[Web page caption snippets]
*** Block opens ***

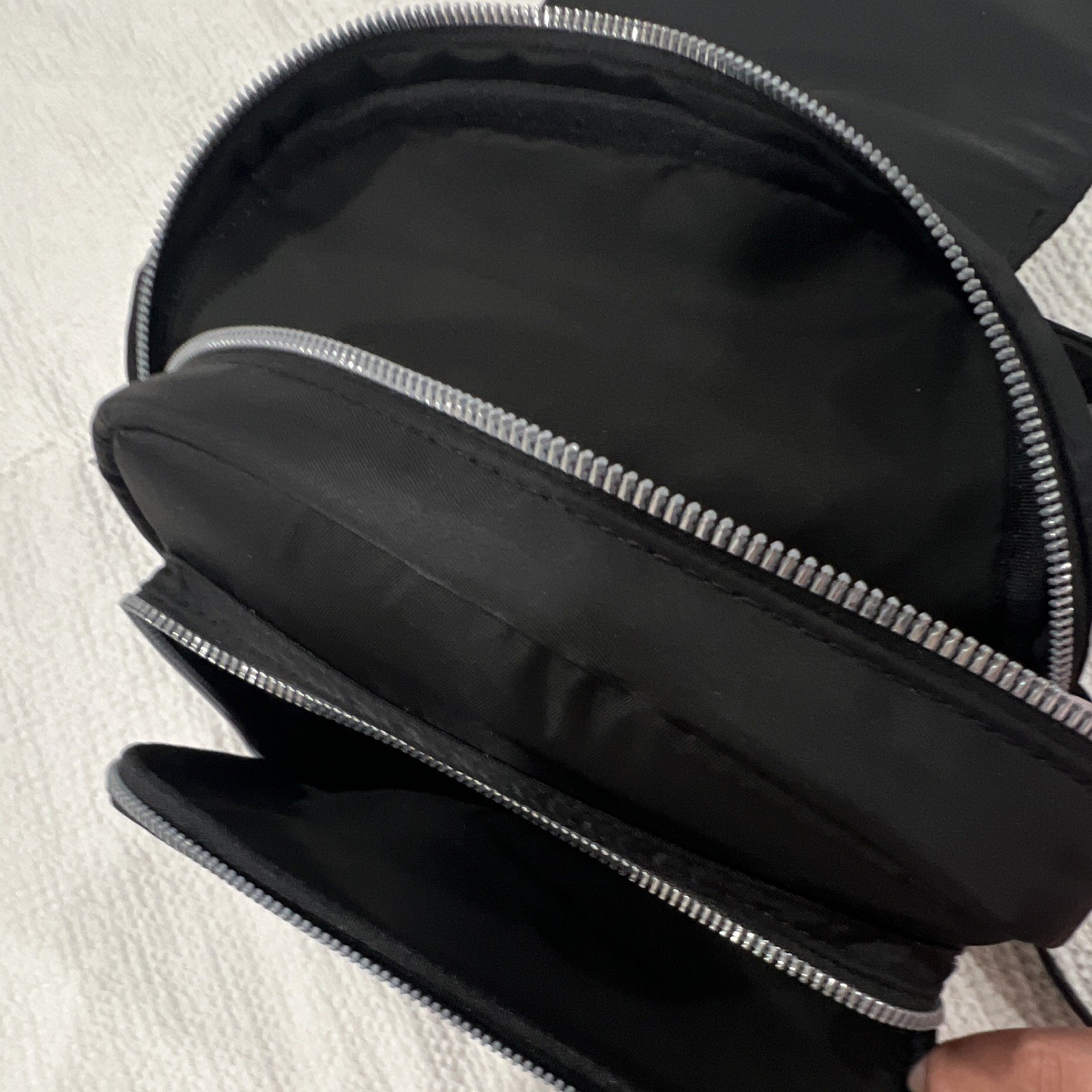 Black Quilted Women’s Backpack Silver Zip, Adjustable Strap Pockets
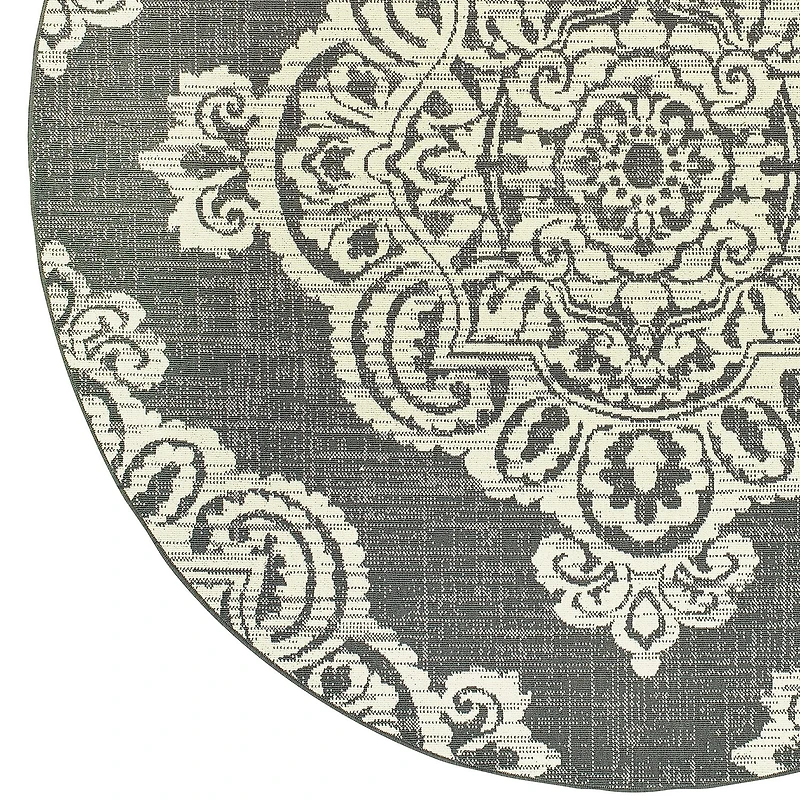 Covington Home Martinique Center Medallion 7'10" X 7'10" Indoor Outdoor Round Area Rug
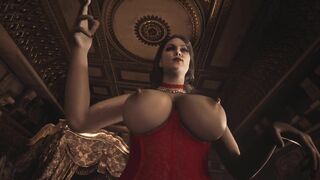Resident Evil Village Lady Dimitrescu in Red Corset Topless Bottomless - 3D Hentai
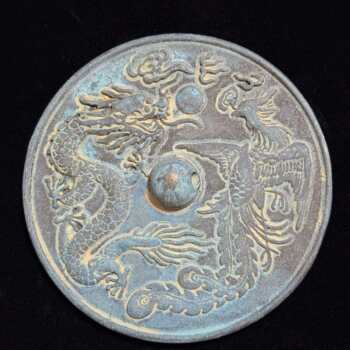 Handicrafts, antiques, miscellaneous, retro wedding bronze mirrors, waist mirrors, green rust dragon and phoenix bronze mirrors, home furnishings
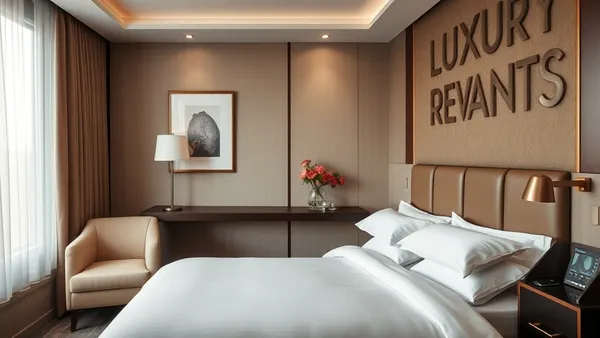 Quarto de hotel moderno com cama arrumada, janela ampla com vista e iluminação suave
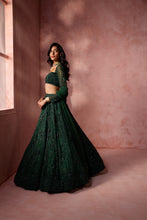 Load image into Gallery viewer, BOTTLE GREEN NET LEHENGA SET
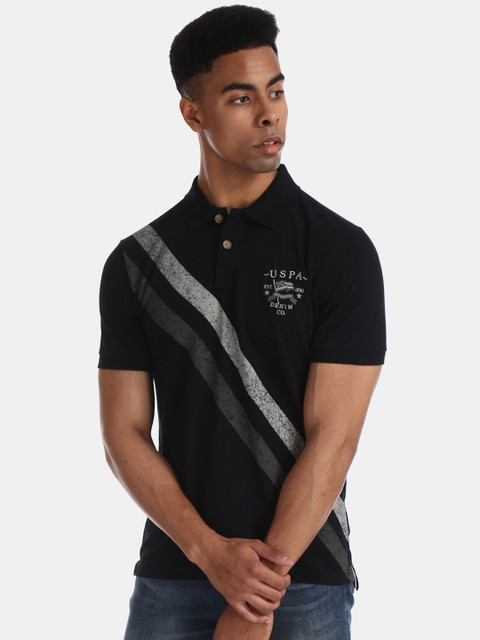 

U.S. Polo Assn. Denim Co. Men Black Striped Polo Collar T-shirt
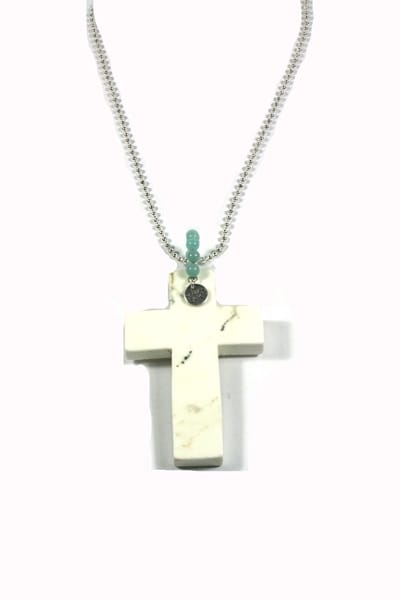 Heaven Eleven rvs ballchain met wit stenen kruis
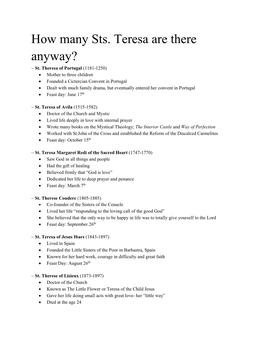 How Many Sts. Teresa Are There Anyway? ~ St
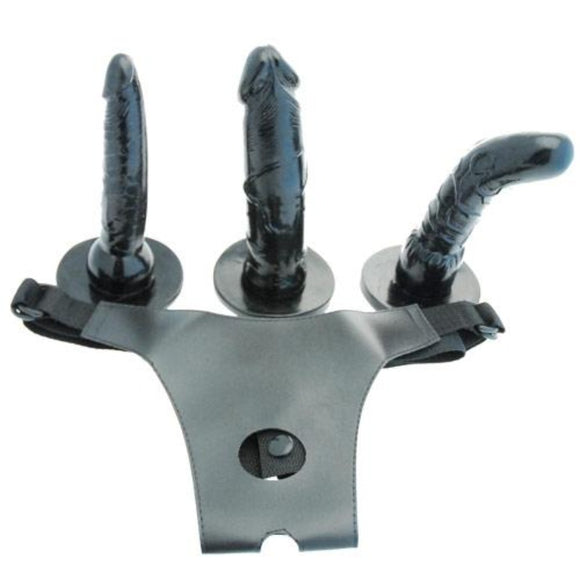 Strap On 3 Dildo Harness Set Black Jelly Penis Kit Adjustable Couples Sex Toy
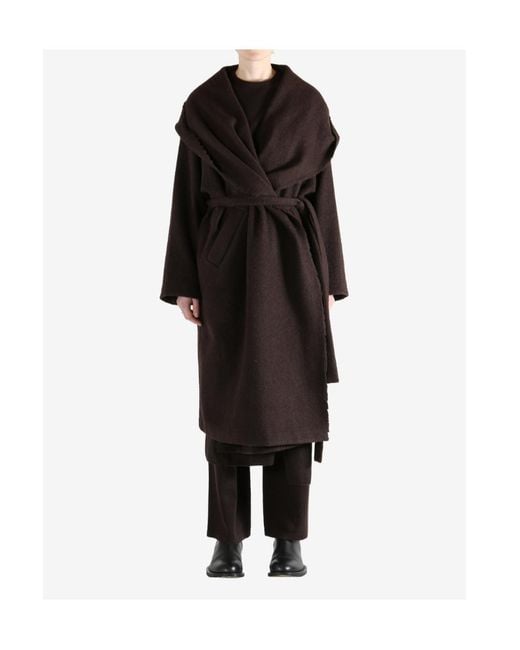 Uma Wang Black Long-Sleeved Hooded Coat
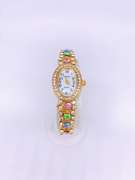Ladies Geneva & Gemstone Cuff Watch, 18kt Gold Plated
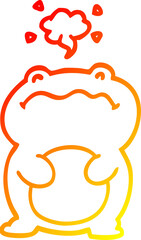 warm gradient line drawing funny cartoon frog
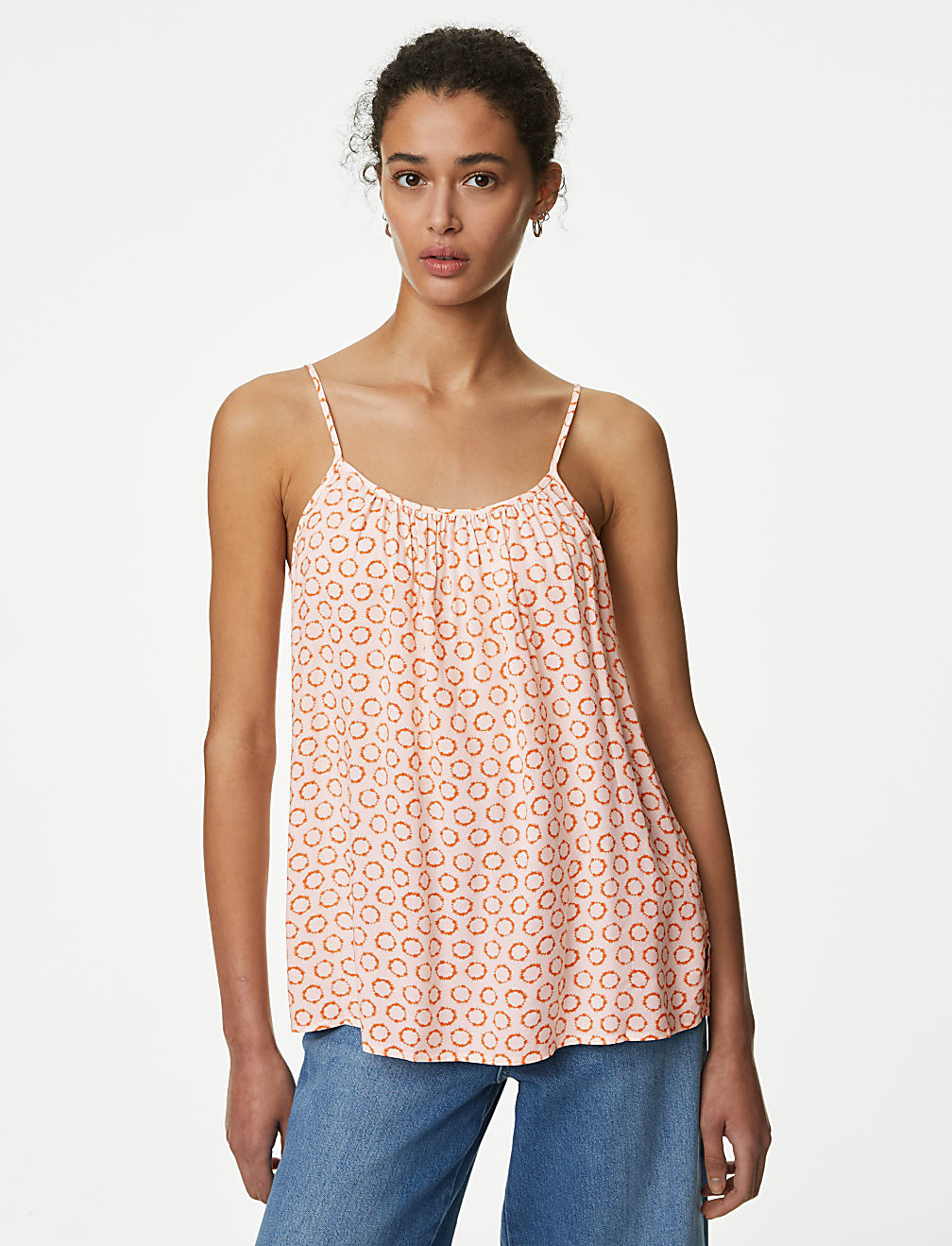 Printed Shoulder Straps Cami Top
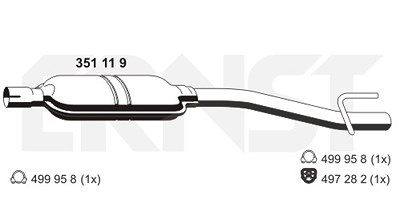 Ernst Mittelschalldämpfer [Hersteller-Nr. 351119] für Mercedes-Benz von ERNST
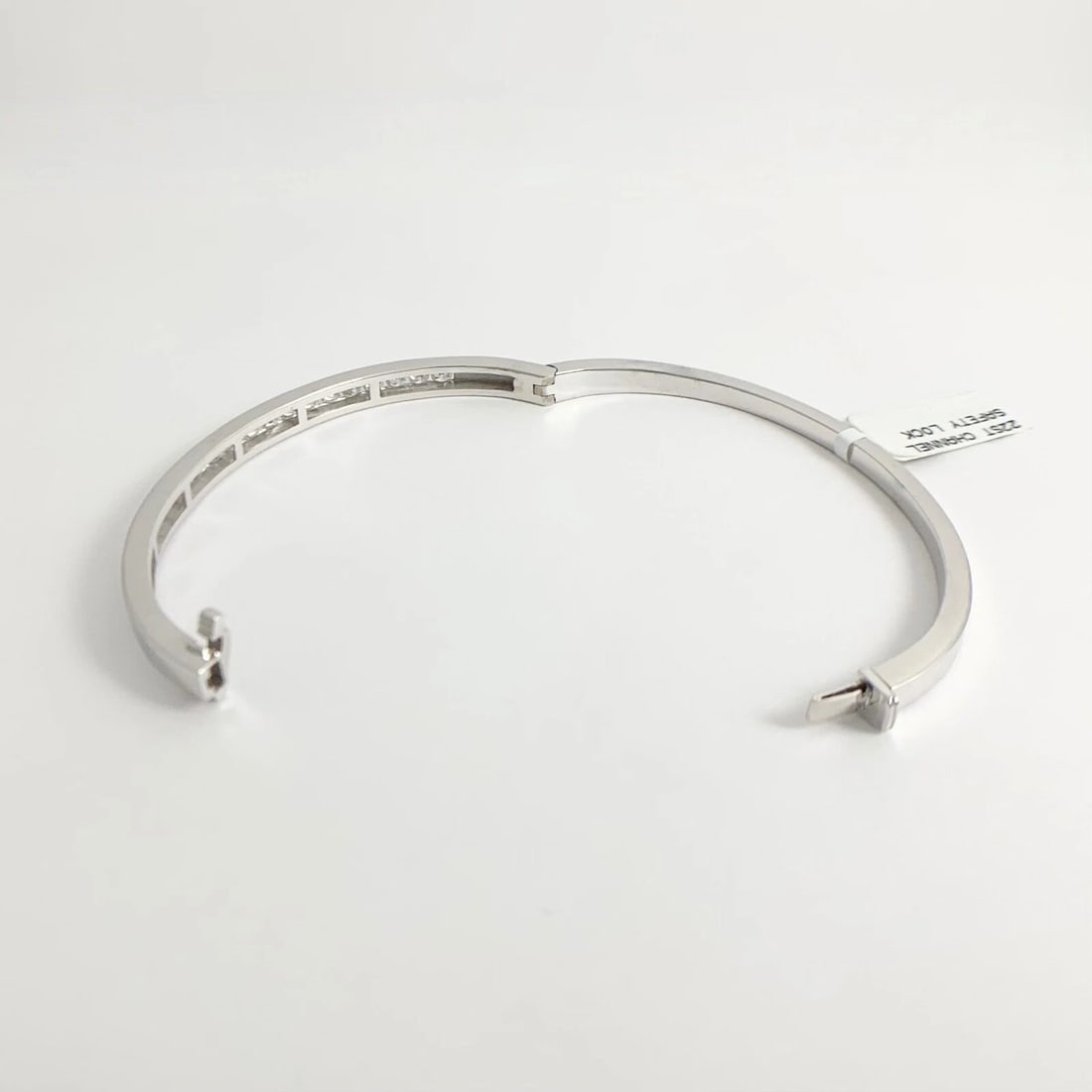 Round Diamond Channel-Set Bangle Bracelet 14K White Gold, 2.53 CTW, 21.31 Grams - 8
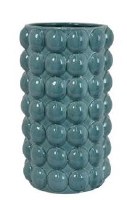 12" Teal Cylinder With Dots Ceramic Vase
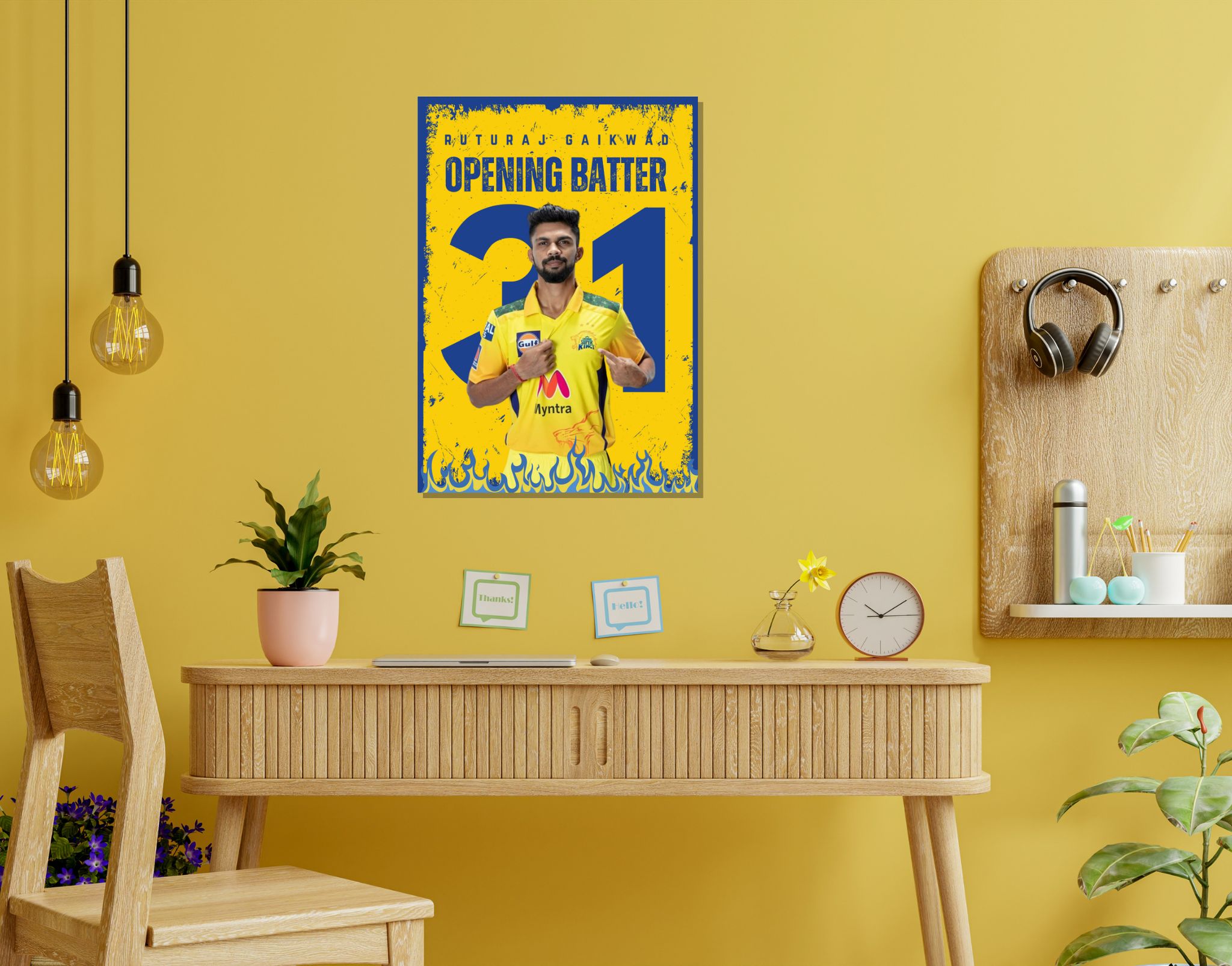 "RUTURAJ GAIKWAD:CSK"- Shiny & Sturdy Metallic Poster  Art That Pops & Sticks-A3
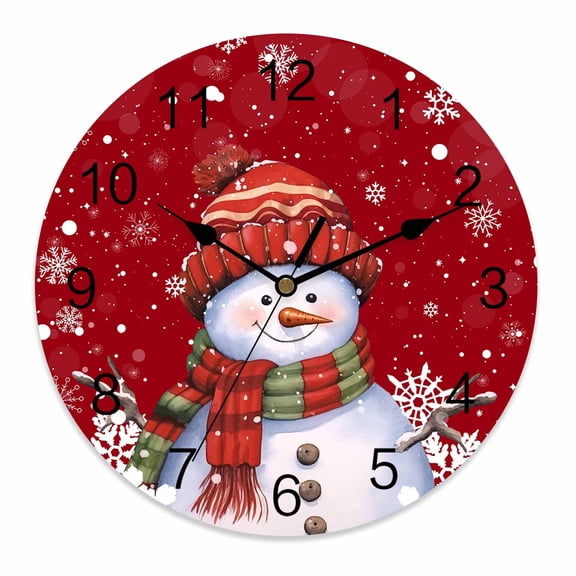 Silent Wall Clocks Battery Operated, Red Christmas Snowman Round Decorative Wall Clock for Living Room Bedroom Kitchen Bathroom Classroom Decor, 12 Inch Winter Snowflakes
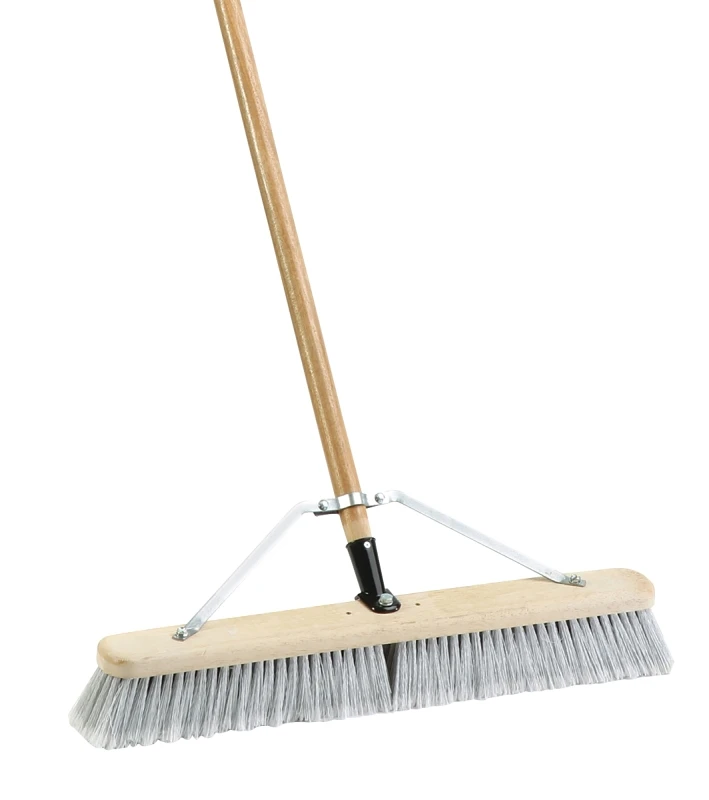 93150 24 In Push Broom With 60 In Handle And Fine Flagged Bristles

*** Block closes ***

What this task involves: Using the data above, retype exactly and only the lines from the one containing "Handicrafts, antiques, miscellaneous, retro" up to and including the one containing "Ernst Mittelschalldämpfer [Hersteller-Nr.", with no pictures carried over.

Answer for the task:
 Handicrafts, antiques, miscellaneous, retro wedding bronze mirrors, waist mirrors, green rust dragon and phoenix bronze mirrors, home furnishings
 Quarto de hotel moderno com cama arrumada, janela ampla com vista e iluminação suave
 Load image into Gallery viewer, BOTTLE GREEN NET LEHENGA SET

U.S. Polo Assn. Denim Co. Men Black Striped Polo Collar T-shirt
 Heaven Eleven rvs ballchain met wit stenen kruis
 How Many Sts. Teresa Are There Anyway? ~ St
 Strap On 3 Dildo Harness Set Black Jelly Penis Kit Adjustable Couples Sex Toy
 Uma Wang Black Long-Sleeved Hooded Coat
Ladies Geneva & Gemstone Cuff Watch, 18kt Gold Plated
 warm gradient line drawing funny cartoon frog
 Printed Shoulder Straps Cami Top
 Ernst Mittelschalldämpfer [Hersteller-Nr. 351119] für Mercedes-Benz von ERNST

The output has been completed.